ソプラノ・サックスにスティーブ・グロスマンが参加。わずか19歳でのマイルス・バンドへの大抜擢です。
ベースはまだロン・カーターです。ポリリズムとシタールが酩酊状態に陥らせるような・・・。トランペットとサックスもとびかってますね。
後半はウェザー・リポートの『オレンジ・レディ』。ビヨンビヨンとインド楽器が聴こえるヴァージョンとしてザヴィヌル・ファンにはおもしろい曲に仕上がっています(仕上がっていないと中山さんは言いますが・・・)。
この時点でマイルスとザヴィヌルは実験的にこの曲を録音をしていたんですね。
Ife を聴く・・・【追記あり】
マイルスの作曲。
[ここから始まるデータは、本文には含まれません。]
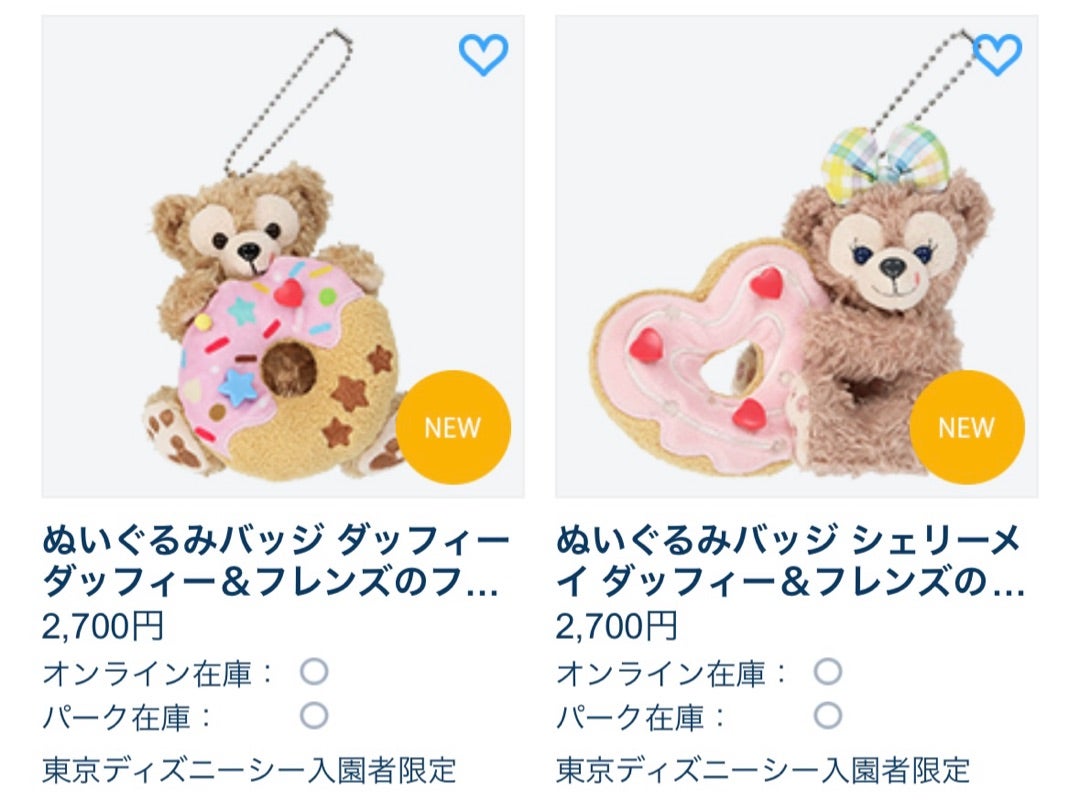 ダッフィー＆フレンズ | アリエルのディズニー冒険の旅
『イーフェ』と読みます。タイトルの由来は???ご存知のかた、ご指導お願いいたします・・・。<(_ _)>
『オン・ザ・コーナー』(1972年)でも聴かれる怪しい鈴の音wからもわかるように同時期に録音されたもの(1972年6月)が1974年にリリースされたアルバムに入っているという、このアルバムのごちゃごちゃ感wは僕のブログがもっとも苦手とするタイプのアルバムですw。
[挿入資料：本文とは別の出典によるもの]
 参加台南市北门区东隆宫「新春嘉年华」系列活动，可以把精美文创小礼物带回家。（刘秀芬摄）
しつこく繰り返すベース・ラインとポリリズム・・・。どこかでけっこう聴いたような曲だよなあとかなりここ数日聴いていたこの曲。
『マイルス・デイヴィス・イン・コンサート』(1972年)というライブアルバムで演奏されている曲なんです。何回も聴いていた、あの曲だと気づくまで、かなり時間がかかりました!あっちはスネア・ドラムの張りにシビれるんですよね。
【追記1】タイトル名の由来について・・・
いつも頼りになる僕のTwitterフォロワーのおひとりからIfeはJames Mtumeの娘に因んだタイトルのようだとの情報をいただきました。
こうして考えると、ジャズでは人名をそのままタイトルにする・・・ということが多いですね・・・。ショーターはいとこの名前からってのが多くて、親戚関係が良好なのかwって笑えましたが。
それほどタイトルに意味を持たせないのがジャズではクールなのでしょうと勝手に推測します。お寄せたいただいたフォロワーさま、たいへんありがとうございます!!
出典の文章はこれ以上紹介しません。